So, your entire function falls back to mysql_real_escape_string() and everything that came before is useless. The point is: It's not impossible to write proper filtering methods, but it can be a real challenge to cover every single case there is.

You want to either follow a whitelisting approach and allow only certain types of content. This is tough to implement in the real world.

Or a blacklisting approach and deny certain characters. Most SQL injection vulnerabilites happen because one can inject additional commands in a string. If you escape the ' (or use mysql_real_escape_string(), you are usually safe). However, it depends on your web app if additional filtering is required or not.

Or use prepared statements.

其他提示

It does prevent injection, provided you use quotes like you should:

SELECT * FROM `users` WHERE `name`='$username'

For example.

However it is complete overkill. mysql_real_escape_string is sufficient to make an input safe, provided you use the quotes as above.
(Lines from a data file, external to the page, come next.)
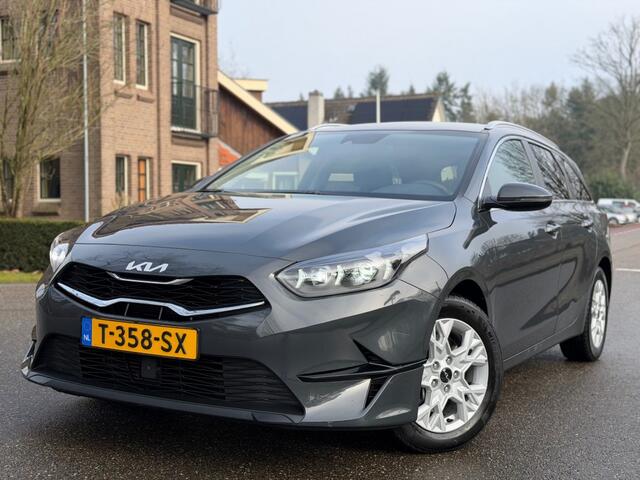 KIA CEE D 1.5 T-GDI MHEV DYN+L - Autm - Incl BTW - 2023 !!!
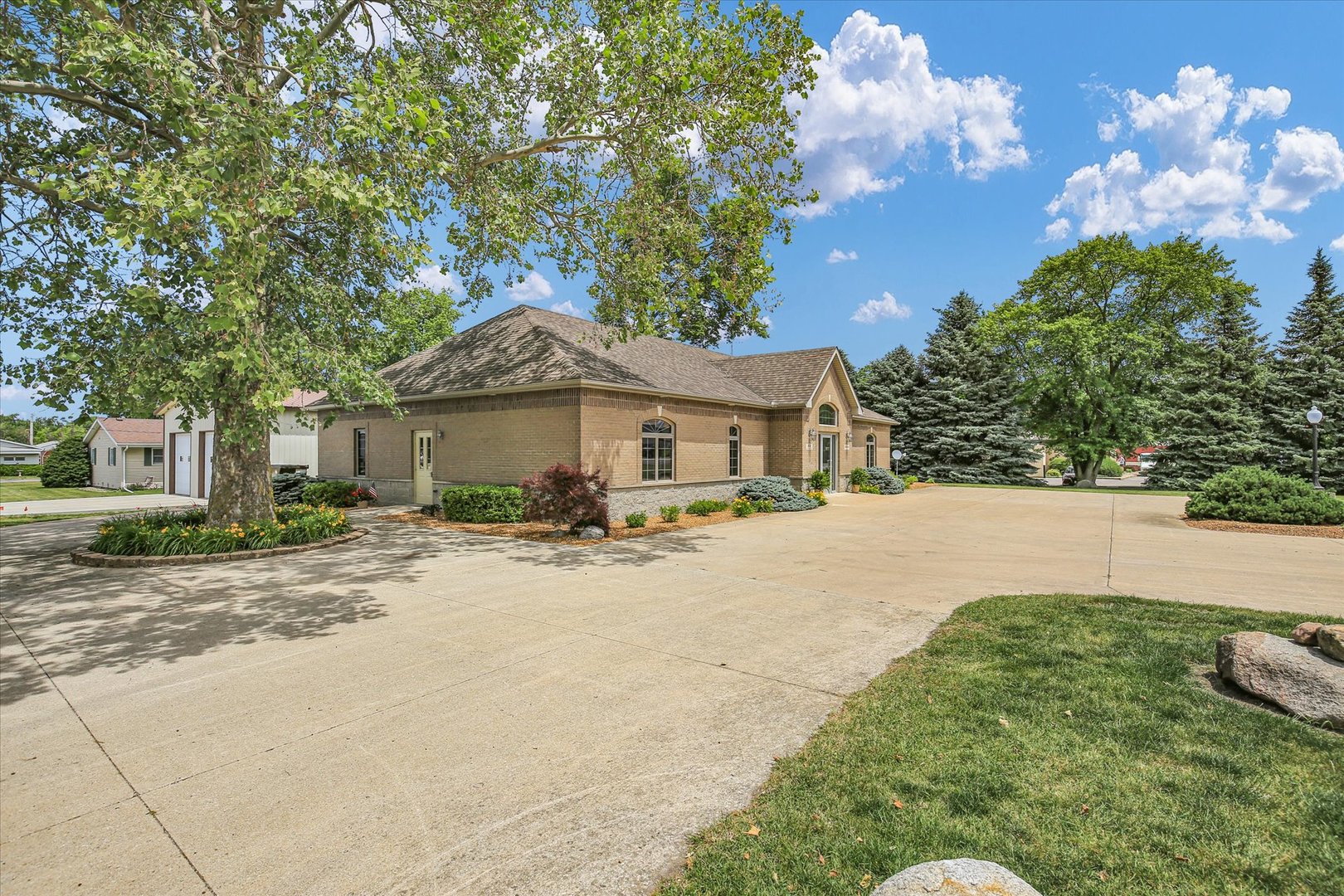 main property photo 65
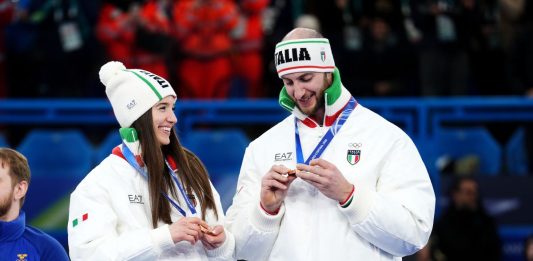 Il curling si tinge d’azzurro, Constantini e Mosaner medaglia di bronzo nel doppio misto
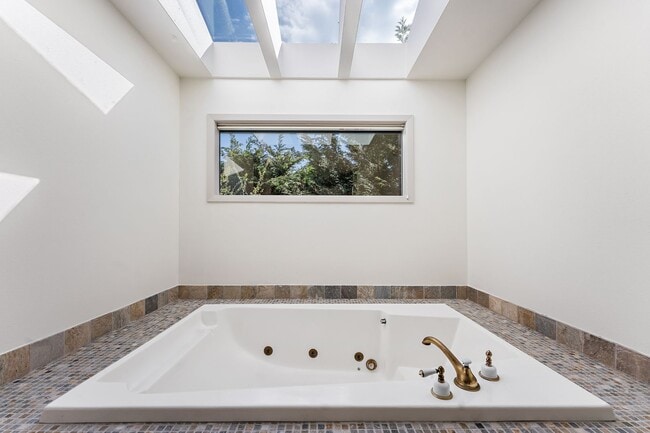 Building Photo - 4-Bedroom Luxury Home for Rent by Portland Golf Club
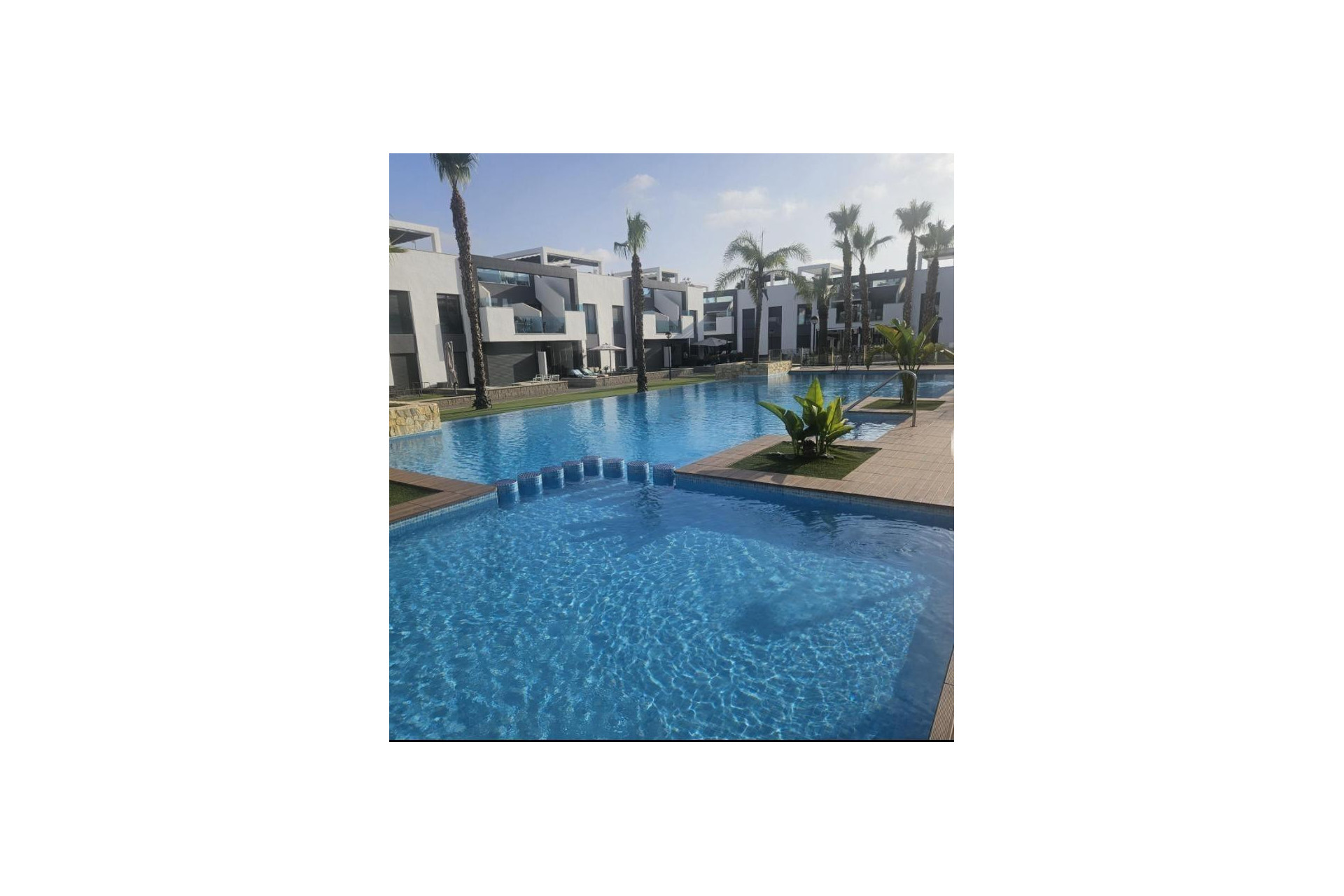 Resale - Apartment - Guardamar del Segura - Urbanizaciones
I spent all day today trying to get some database work done on a server that had been locked down to return "Not Acceptable" HTTP responses if "anything that looked like a database table name was present in the request". Needless to say, it took significantly longer than it needed to, when a simple mysql_real_escape_string would have sufficed.

Not safe at all. Try running this:

 echo safeSQLI("drdropop tatableble TABLE_NAME");

That never let you insert a post about SQL in your blog.

I think use prepare statements and mysql_real_escape_string is safe enough.

PS: And you can avoid DDL sentences at BD level, with permissions.